▶ TASK INSTRUCTIONS: Copy every line of the data below exactly as given, except for the pictures.

▶ DATA PROVIDED:
********************

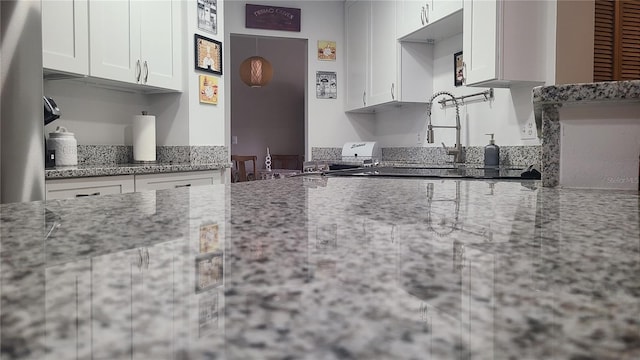 kitchen featuring white cabinets, light stone countertops, and a sink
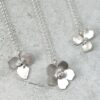 three sterling silver flower pendant necklaces flat on a gray background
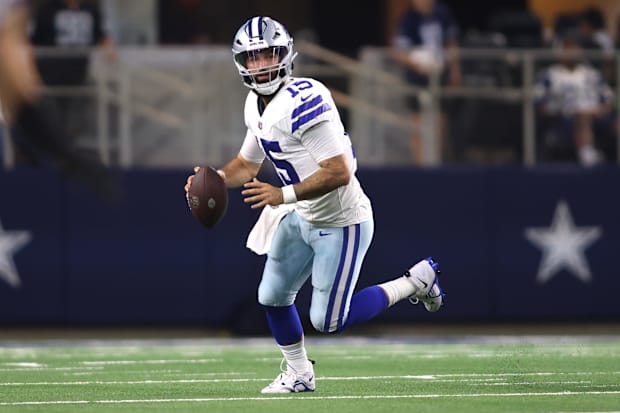 Dallas Cowboys quarterback Will Grier rolls out in the second quarter against the Las Vegas Raiders.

********************

▶ RESULT OF THE TASK:
 kitchen featuring white cabinets, light stone countertops, and a sink
 three sterling silver flower pendant necklaces flat on a gray background
 Dallas Cowboys quarterback Will Grier rolls out in the second quarter against the Las Vegas Raiders.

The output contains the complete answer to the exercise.